Brodsky starts off by telling us that "everybody sells" to some degree in any organization. His thesis is that those who are in any kind of supervisory position must have a working knowledge of the selling process. He says there tends to be something of a "mystique" about selling because many in management lack firsthand experience in sales. Therefore, when a salesperson runs into a problem and brings it back to management for resolution, more often than not management doesn't know what to do. They're simply unable to grasp what's happening in the field.
But Brodsky has an answer for this scenario. He believes the president or CEO in small and medium-sized companies should teach the fundamentals of sales to all department heads and supervisors. Brodsky tells a story about the time he took the new head of a division in one of his companies out on a sales call. The poor fellow kept telling Brodsky that he just couldn't sell. He said it just wasn't in his blood. But Brodsky kept after him and finally one day they went out on a call.

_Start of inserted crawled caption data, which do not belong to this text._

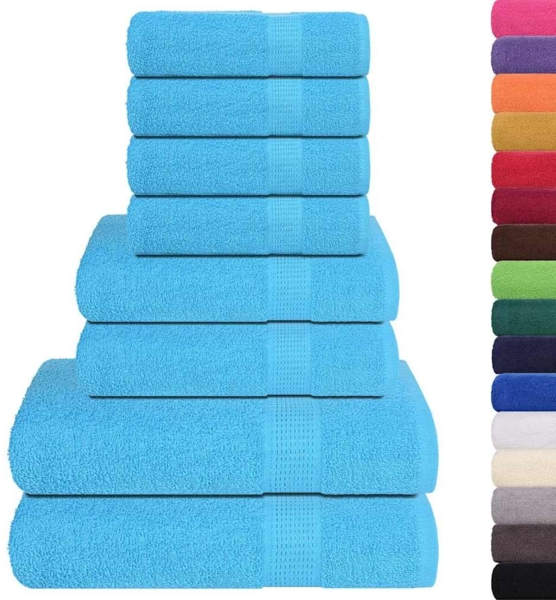 vidaXL 8-tlg. Handtuch-Set FROGN Türkis 360 g/m² 137074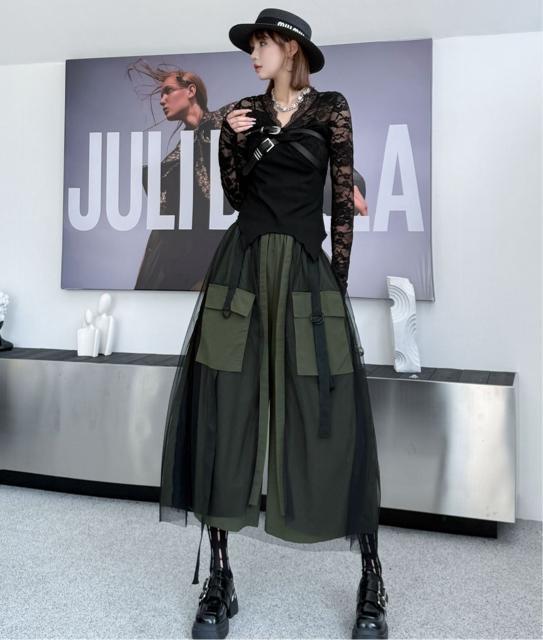 ワイドパンツ レース重ね ガウチョパンツ ウエストゴム カーキ 大きいサイズ < 女性ファッション ワイドパンツ レース重ね ガウチョパンツ ウエストゴム カーキ 大きいサイズ < 女性ファッションの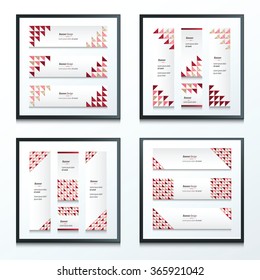 Triangle pattern  banner   Brown, Pink, Red Styles set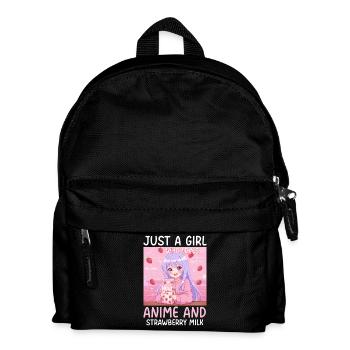 Just a Girl Who Loves Anime Strawberry Milk - Kids' Backpack - black - Front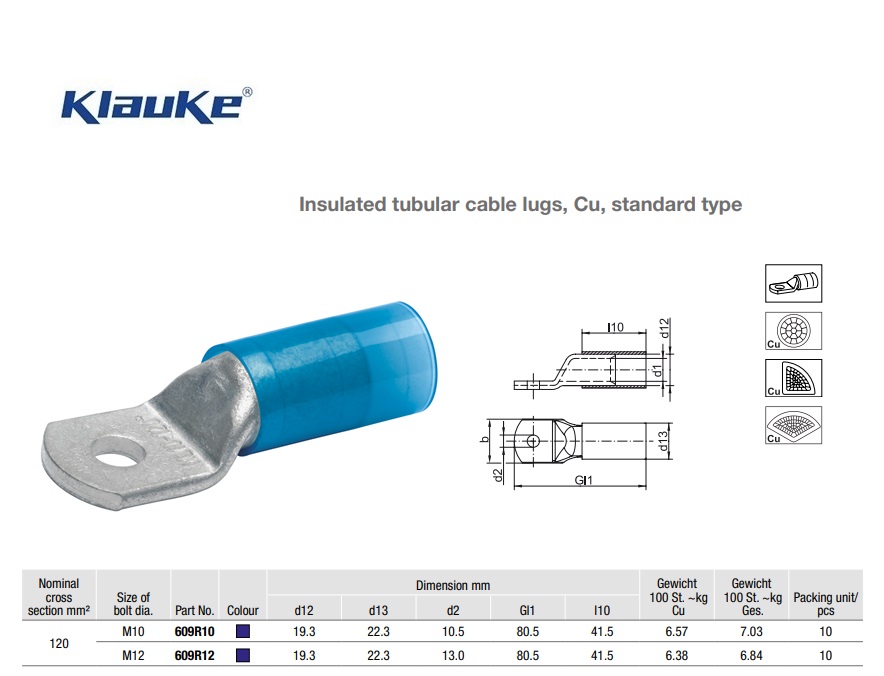 Kabelschoen geïsoleerd standaard Blauw  16 qmm 603R/6 | DKMTools - DKM Tools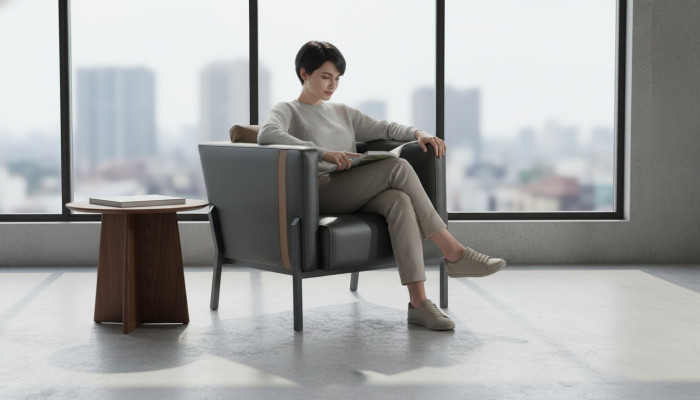 Zwarte leren fauteuil werkkamer designer eenzits leren zitmeubel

They headed off to midtown Manhattan where Brodsky picked a building at random. He told his new division head to select a company from the building directory. The man was both puzzled and concerned. He kept asking Brodsky what he was up to, and Brodsky kept telling him he was going to show him how to make a sale. The company they called on was a small advertising agency. The receptionist greeted them, and that's when Brodsky told her he was there to promote his messenger service. He asked to see the person who hired such services. It turned out the receptionist was the one who made that decision.
Brodsky explained that it was his first day on the job and he was going to make her an offer she couldn't refuse. He told her that for the next four months he was going to handle all her messenger calls for a $1 a call. The going rate at the time was $6.50 per call. At first the receptionist was suspicious and asked Brodsky about the quality of his service. He reassured her and told her that after four months her company would have to pay the regular rate, which was very reasonable. She told Brodsky he would get the business if he would put his promises in writing.
The next scene is Brodsky and the division head leaving the office. Brodsky tells his colleague that as promised he had just shown him how to make a sale. The division head agreed. Brodsky added: "OK, I guess that's your definition of a sale." The man then asked Brodsky for his definition. "My definition of a sale," Brodsky responded, "involves making money on it. That's why we have salespeople. Anybody can do what I just did. When we hire salespeople, we're hiring them to go out and make sales at a profit." What Brodsky was trying to teach his student was the difference between a good sale and a bad sale.
The point is that too many people in business don't have a clue about selling. With some measure of sales experience those people would have a better understanding of the process and its critical role in any organization. Yes, everyone does sell, but it takes hard work and patience to learn the difference between good selling and bad selling. One spells success; the other leads to failure.